During the boom phase of earlier employment cycles, payroll estimates occasionally showed isolated and tiny month-to-month declines. But they did not break the upward momentum. More than four years of uninterrupted growth may be a talking point. But what matters about an employment upturn is not perfect uninterrupted growth but how long it lasts and how many jobs it generates in the end.
The publisher of Forbes, the self-styled "Capitalists' Tool," as recently as last month assured the magazine's readers about four economic matters they need not be pessimistic about. To wit:
The 70% of Americans who believe the U.S. is on the wrong economic track—because they are essentially the same 70% who disapprove of the Bush presidency in general and so are not commenting just on the economy.
What the media is reporting about the economy—because it is an election year and the "out party" always exaggerates anything negative about the economy, and the media goes along.
What business journalists write anyway—because they are mostly incompetent, antibusiness, and left-of-center.
The subprime mortgage crisis—because the related losses are not large. "In any typically volatile trading day, U.S. stocks gain and lose [as much] every hour," the publisher writes.
Incidentally, in the same Forbes issue, the editor-in-chief proclaimed there is "no way" carbon dioxide has anything to do with world temperature changes.
For Democrats, a tempting partisan explanation for what's going on with the economy is that it's what you'd expect when a Republican is in the White House. A ranking of the four-year presidential terms since 1948 by the percentage payroll gains they witnessed reveals that the six Democratic terms take six of the top seven spots. Republicans take fourth and the lower eight positions.
Striking as these data may appear, they do not establish cause and effect. There are too many complications, such as the finite economic powers of the White House and the times Congress and the presidency are split between the parties. And when there has been a party change in the White House, there is the inevitable cry from the new Administration that it was left an economic mess. The counterclaim by those leaving is that any economic success that the newcomers may enjoy is due to the solid economic foundation they were handed.

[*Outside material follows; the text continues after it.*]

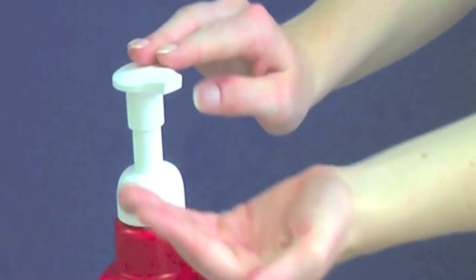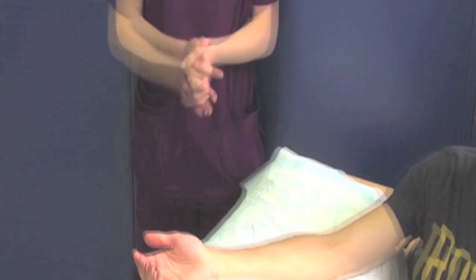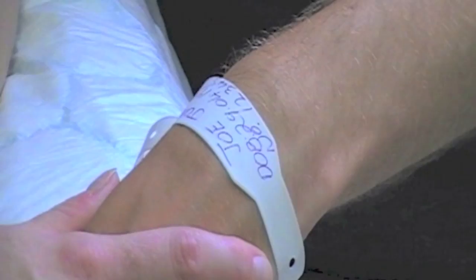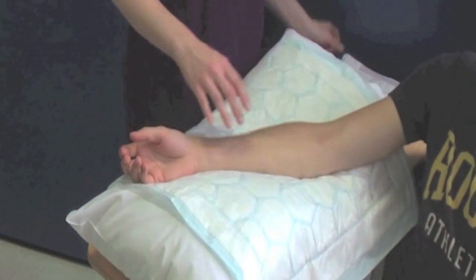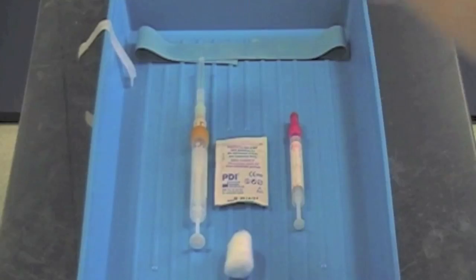Once you are at the patient's side, you should decontaminate your hands again. You should reconfirm the patient's identity against the blood request form and confirm that the patient is happy for you to proceed. Position the patient so that they are comfortable and ensure your equipment and sharp spin are within easy reach.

The current wars are probably not a factor in the job downturn; the U.S. has a record of flourishing during wartime. Demographics are not a factor because the workforce continues to grow at a steady pace. And although all data from the Bureau of Labor Statistics may not be ideal, the agency is widely regarded as scrupulous, consistent, and credible with its measures of employment.
This puts focus on the current turmoil in the financial and credit markets and the devaluation of the dollar—which aren't helping—as well as on technological change, worldwide competition, and the outsourcing of jobs overseas. Was 1992 third-party presidential candidate Ross Perot onto something with his little charts and his alarm over the "giant sucking sound" of U.S. jobs going overseas?

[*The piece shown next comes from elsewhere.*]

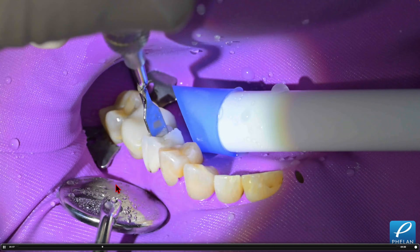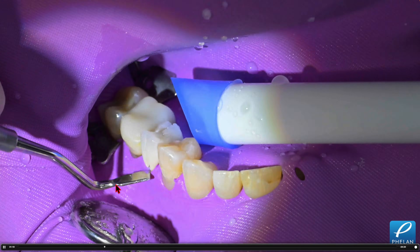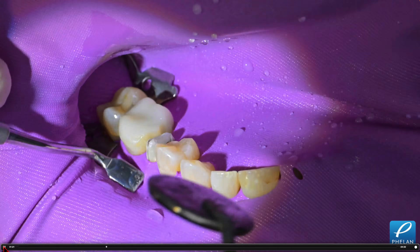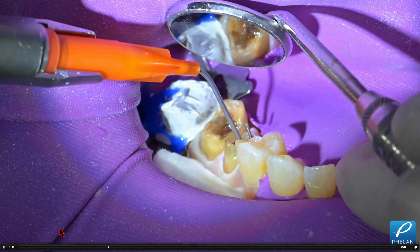And now I come in with the Brasler instrument. It's so easy on a lot of these cases — we're just spreading it with this instrument and it pops right out. It's very simple. Let me show you the core buildups here with this case.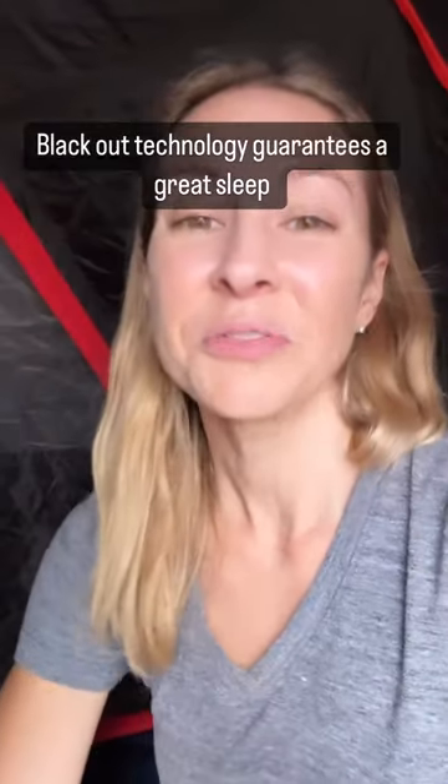It also has this blackout technology — I do have a flap open right now, but I'll close it so you can see how dark it gets. It's the middle of the day right now, so if you're a light sleeper or you just want to sleep, you can close the sides of your tent and you're going to sleep like a baby.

What are the implications of an economy able to generate ever- increasing wealth, mostly for those who can afford it, without consistently generating enough living-wage jobs to keep up with population growth?
Despite some painful times, the U.S. did quite well from 1948 to 2000 overall. Payrolls fell for only 15% of the time and never by more than about 3% in the past 50 years. Percentage payroll gains during the upturns since 1948 exceeded losses during the downturns by 6 to 1.
During the 2001 to 2007 cycle, however, payrolls declined 37% of the time and payroll gains exceeded losses by a narrower 3 to 1.
The relatively high labor costs in the U.S., combined with today's technology and the new phenomenon of a truly competitive world economy that technology is rapidly engendering, do not augur well for the domestic workforce.
Views expressed on this page are those of the author and not necessarily those of ACS.
Avoiding a tipping point for U.S. employment will be a great challenge to the nation's policymakers, business leaders, and science technology communities. How long can faith in the ability to provide services and to produce goods ever more cost efficiently—which includes the lowest possible domestic labor costs—continue to be seen as the bedrock of a sustainable and healthy U.S.? Maybe it is time to think more broadly.